Folu Akindoyin has worked with children’s services for over four years and is now a principal social worker for an adoption agency. Folu works with some of the most vulnerable children within the care system, helping to make the adoption process as seamless as possible for both the child and family involved.

Dickie Smith is an assistant headteacher at Thames Christian School in London where he oversees the pastoral care and safeguarding of the students. He is a passionate advocate for teenagers struggling with their mental and emotional health and is a champion of all adults working in schools, recognising them as inspirational pillars of their communities.

Jake Moores oversees the Schools Project initiative at Hillsong London; holding regular assemblies within UK schools, developing ‘crews’ within the youth network and organising biannual school tours with guest speakers such as Reggie Dabbs.

Bolu Akinosin is part of Hillsong Youth and is just starting at university. He’s part of the Young Guns programme and serves on the Wildlife Connections team, helping to get youth connected into crews in their church community.

Dan Watson heads up YXYA, our Youth and Young Adults department at Hillsong, where he looks after everything from local groups and gatherings to larger events such as Young Leaders’ Lab, Encounter, Y&F Conference and Summer Camps. With a passion to change the narrative of young people’s lives, Dan also works with the Mayor of London and the Met Police to help tackle youth violence in the UK.

Jo Watson leads Hillsong YXYA alongside her husband Dan, whilst also working as Head of Operations for DIvInc – a London-based company partnering with schools to help to inspire, equip and fund under-estimated young people in business start-ups.
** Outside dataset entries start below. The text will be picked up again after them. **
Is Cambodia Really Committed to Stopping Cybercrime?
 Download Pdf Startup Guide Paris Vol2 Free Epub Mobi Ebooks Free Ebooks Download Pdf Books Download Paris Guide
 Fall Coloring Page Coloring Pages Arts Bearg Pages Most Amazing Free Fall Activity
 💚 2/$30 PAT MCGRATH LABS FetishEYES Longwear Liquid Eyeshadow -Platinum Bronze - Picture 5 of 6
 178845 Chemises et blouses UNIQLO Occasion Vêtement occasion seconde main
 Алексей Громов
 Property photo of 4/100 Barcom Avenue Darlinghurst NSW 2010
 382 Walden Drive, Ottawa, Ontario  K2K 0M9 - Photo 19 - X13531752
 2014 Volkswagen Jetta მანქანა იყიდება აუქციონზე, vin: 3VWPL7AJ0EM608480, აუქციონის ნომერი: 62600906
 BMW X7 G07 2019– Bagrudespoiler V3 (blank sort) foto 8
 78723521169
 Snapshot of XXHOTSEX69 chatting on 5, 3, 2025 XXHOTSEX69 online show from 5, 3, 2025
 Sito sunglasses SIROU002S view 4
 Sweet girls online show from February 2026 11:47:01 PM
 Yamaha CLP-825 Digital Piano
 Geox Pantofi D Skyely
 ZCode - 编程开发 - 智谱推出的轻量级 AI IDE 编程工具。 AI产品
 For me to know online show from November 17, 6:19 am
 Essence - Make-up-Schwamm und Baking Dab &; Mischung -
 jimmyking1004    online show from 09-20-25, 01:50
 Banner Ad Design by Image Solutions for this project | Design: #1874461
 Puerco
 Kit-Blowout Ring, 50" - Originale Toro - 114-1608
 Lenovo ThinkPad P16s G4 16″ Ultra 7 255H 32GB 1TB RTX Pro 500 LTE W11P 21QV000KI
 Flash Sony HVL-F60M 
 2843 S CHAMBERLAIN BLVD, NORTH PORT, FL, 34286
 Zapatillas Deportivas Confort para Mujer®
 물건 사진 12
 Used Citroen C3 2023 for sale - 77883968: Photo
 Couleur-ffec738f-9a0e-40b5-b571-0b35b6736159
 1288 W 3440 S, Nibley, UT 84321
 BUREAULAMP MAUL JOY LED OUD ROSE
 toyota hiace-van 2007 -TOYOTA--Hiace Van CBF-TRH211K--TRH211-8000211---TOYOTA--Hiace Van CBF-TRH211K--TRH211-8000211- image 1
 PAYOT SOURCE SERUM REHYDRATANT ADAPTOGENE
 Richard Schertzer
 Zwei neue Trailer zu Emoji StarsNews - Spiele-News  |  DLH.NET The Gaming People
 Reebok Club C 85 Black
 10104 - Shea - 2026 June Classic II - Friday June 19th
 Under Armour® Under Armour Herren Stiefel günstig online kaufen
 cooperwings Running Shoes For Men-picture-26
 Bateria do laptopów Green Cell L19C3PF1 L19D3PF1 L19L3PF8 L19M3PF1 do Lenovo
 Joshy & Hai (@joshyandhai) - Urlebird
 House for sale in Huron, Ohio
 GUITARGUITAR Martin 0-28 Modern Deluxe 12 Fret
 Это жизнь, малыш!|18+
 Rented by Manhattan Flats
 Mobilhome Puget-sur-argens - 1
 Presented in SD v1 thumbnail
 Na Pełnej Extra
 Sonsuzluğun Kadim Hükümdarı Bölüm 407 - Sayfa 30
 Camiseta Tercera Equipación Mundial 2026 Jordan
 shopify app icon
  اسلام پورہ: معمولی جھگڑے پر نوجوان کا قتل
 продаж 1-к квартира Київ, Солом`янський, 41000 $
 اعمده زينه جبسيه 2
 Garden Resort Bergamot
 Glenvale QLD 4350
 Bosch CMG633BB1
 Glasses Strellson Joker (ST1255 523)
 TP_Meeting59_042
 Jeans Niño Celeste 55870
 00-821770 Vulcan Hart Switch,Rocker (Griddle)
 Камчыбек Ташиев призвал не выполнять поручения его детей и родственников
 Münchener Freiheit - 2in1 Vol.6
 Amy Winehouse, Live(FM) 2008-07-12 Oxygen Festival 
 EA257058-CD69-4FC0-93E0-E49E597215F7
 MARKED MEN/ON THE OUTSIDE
Education Collective is a gathering for anyone working in Education with a passion to see young people rise up, step into their potential and positively shape society. In what ways is EC influencing the education sector?

Dickie— When Reggie Dabbs was over he put so much value on the educators in the room, which is something that’s really lacking in the industry at the moment. Teaching has such a key role in society and to have a space where educators are reminded of how valuable they are in these young people’s lives is so important. It also gives them the space to breathe a bit; as a teacher you’re constantly under a lot of pressure, with so much expectation on you to achieve certain things in the classroom and in exam results. The Collective creates an opportunity for teachers to understand each other, share some of the struggles they might be going through and ultimately realise that they’re not alone.

What would you say is the best thing to have been birthed out of the Collective? Can you share any inspiring stories with us?

Dickie— One of the teachers at my school brought her husband along to one of our Collective nights recently. He works in a people’s referral unit with kids who have often been excluded or are in the Young Offenders Institution. After 10 years he was at the point where he couldn’t take it any longer and was ready to quit. His wife dragged him along when Reggie was here and after spending just one evening there with us, he said at the end of the night ‘I’ve got 10 more years in me now’. For him, it was exactly what he needed to reignite that passion for his work.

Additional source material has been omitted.